I don't doubt an occasional truth gets blurted out if you waterboard someone 183 times in a month, as the CIA did -- along with much else. But that doesn't mean you can tell true from false from delirious, or that you wouldn't have got there more efficiently and reliably in other ways. The point is, they weren't looking for actionable info; they were looking for lies about Iraq. You don't get those through normal police work, but you may, by torture.

This makes torture a component of foreign policy, rather than a unique and momentary aberration. In fact, foreign policy itself has lots in common with torture: not just war but coercion, bribes, threats, pressure, sanctions. In foreign policy, as in torture, legalities are murky or non-existent. Power rules. If war is an extension of politics, torture is an extension of war.

The whole torture debate irritates me to the extent that it implies you can isolate the issue and redress it alone, the way a newspaper can correct one fact in a story and somehow imply that everything else in the paper was true. There is nothing unique or one-off about torture, war or institutionalized violence. We live in an interconnected reality.

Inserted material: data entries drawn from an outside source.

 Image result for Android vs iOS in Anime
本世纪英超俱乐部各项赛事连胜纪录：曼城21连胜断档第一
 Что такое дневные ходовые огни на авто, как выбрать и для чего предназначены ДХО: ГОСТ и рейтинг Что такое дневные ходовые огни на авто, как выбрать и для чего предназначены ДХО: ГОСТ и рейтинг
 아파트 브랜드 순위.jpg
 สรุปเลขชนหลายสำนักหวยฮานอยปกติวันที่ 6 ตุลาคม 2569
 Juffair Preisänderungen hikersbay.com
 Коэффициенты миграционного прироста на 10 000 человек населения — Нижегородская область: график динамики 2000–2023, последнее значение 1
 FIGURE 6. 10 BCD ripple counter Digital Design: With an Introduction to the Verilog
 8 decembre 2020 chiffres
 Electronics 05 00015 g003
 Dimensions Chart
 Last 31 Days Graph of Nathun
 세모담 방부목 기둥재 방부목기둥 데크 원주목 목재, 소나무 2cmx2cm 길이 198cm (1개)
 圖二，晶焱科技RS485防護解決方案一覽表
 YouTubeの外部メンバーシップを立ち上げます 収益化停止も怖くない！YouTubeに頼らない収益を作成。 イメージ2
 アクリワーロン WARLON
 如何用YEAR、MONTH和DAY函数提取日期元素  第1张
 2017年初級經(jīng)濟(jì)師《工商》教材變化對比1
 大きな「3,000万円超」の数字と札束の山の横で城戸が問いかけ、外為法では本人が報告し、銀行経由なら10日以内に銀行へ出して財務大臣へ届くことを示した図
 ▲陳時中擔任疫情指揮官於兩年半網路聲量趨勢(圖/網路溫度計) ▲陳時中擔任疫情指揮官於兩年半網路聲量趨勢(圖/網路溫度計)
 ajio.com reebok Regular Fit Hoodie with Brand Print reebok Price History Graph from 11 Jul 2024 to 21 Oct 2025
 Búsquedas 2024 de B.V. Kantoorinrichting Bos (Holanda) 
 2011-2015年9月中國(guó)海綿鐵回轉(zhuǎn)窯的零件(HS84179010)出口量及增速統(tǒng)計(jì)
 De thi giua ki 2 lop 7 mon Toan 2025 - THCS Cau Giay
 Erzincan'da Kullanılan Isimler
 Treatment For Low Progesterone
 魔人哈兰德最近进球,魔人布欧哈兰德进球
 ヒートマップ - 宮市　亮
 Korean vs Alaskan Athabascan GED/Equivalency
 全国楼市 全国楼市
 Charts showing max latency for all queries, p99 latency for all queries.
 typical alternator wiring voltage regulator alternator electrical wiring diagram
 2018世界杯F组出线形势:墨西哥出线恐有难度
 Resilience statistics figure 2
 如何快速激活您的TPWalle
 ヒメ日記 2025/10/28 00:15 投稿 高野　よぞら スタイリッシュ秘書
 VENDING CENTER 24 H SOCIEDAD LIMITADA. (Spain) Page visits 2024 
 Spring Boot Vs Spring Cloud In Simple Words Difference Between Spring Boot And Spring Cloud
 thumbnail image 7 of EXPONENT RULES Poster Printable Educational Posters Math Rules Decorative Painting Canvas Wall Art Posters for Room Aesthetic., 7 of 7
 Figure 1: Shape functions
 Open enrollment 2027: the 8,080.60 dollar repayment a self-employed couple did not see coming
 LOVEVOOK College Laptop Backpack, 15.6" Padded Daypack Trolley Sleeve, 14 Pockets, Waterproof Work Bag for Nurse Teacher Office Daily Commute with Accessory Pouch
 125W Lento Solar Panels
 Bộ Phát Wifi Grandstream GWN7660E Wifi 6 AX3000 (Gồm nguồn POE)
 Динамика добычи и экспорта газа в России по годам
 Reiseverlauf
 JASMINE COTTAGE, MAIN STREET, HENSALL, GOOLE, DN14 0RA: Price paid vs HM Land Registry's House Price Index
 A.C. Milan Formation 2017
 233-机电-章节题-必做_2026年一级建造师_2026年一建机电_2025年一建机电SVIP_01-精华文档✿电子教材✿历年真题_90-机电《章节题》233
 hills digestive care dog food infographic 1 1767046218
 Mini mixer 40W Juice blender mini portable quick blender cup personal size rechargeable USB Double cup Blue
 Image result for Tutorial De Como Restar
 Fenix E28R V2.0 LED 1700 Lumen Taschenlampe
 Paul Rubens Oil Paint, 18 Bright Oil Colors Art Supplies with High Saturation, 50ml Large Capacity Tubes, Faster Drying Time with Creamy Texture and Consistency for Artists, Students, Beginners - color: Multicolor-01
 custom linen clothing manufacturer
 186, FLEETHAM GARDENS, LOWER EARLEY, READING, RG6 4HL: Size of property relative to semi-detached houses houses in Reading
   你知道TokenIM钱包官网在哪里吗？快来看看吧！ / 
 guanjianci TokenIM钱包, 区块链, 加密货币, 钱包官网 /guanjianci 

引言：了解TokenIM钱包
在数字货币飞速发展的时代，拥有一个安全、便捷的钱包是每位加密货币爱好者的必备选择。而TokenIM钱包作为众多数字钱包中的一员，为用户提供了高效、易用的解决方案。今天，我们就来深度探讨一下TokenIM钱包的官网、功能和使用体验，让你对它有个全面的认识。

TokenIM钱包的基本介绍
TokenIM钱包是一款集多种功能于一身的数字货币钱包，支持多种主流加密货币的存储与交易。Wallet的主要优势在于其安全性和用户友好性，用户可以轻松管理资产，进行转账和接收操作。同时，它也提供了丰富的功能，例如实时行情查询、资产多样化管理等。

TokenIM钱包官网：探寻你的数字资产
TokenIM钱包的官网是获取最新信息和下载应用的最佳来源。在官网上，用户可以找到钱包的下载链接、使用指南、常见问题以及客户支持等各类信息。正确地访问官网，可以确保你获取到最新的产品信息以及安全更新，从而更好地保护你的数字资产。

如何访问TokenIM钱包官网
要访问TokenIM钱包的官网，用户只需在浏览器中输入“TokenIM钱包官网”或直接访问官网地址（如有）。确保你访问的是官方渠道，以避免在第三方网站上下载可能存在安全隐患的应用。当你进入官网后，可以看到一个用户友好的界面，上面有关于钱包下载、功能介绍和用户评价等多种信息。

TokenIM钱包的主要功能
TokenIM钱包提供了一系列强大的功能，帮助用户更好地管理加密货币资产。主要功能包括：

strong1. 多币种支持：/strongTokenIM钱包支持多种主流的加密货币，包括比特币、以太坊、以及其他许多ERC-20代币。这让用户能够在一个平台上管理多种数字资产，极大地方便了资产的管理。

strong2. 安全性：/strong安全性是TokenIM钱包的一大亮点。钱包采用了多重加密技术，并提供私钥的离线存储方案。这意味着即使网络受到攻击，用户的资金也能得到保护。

So I'm not very keen on prosecuting those who urged on the torturers. I'd rather focus on historical and institutional issues; on continuities of U.S. (and NATO) foreign policy back through the Clinton years and before; and even on cultural contributors to torture such as the celebration of violence. It was striking this past week to watch former Watergate felon Gordon Liddy scoff at allegations of torture and then see Don Cherry scorn concerns over "the rough stuff" in hockey. Wardrobe aside, it could have been the same guy.